▶ What the task requires
Below are records; extract exactly the lines from the one containing "Cloth Computer Backpack" through the last, both included, and keep the pictures out.

[Items from a dataset]
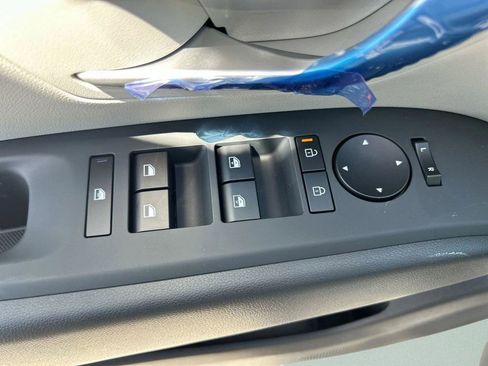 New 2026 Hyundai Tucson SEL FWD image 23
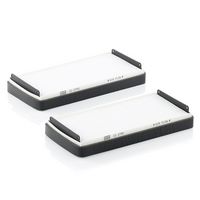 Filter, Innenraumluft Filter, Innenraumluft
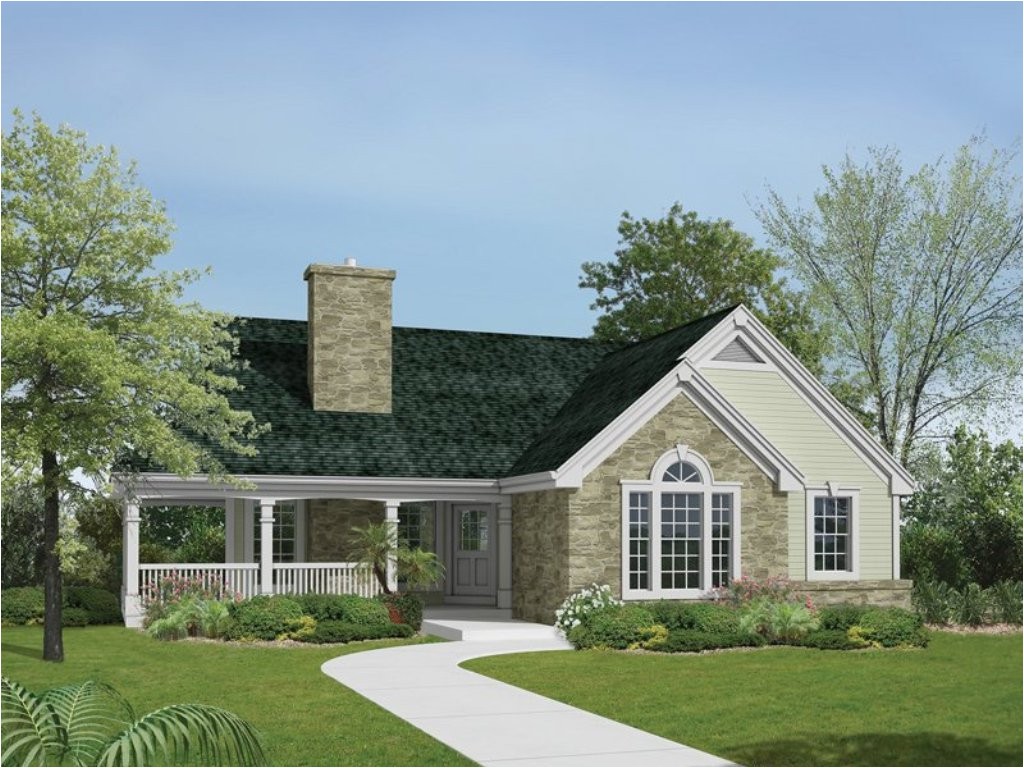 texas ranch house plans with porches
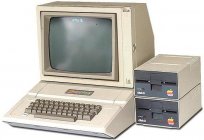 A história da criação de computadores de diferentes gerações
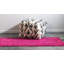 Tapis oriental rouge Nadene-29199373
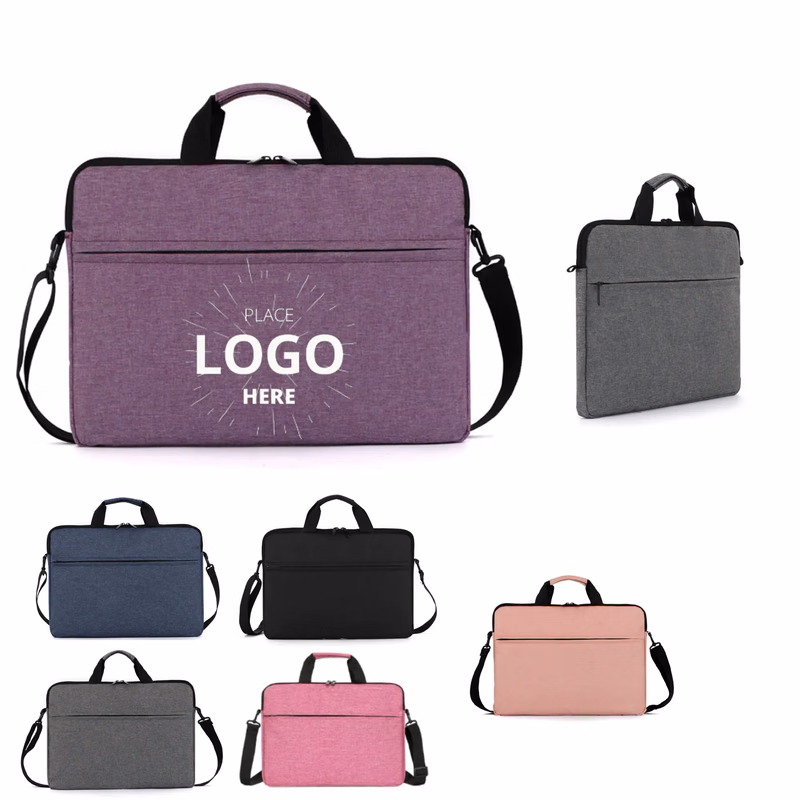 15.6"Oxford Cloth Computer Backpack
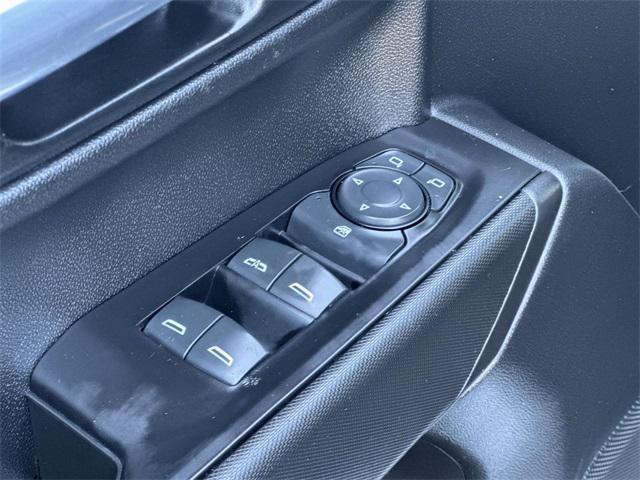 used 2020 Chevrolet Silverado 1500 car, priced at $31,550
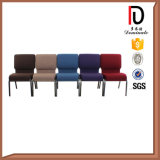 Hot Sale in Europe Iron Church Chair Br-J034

▶ Result of the task
 15.6"Oxford Cloth Computer Backpack
 used 2020 Chevrolet Silverado 1500 car, priced at $31,550
 Hot Sale in Europe Iron Church Chair Br-J034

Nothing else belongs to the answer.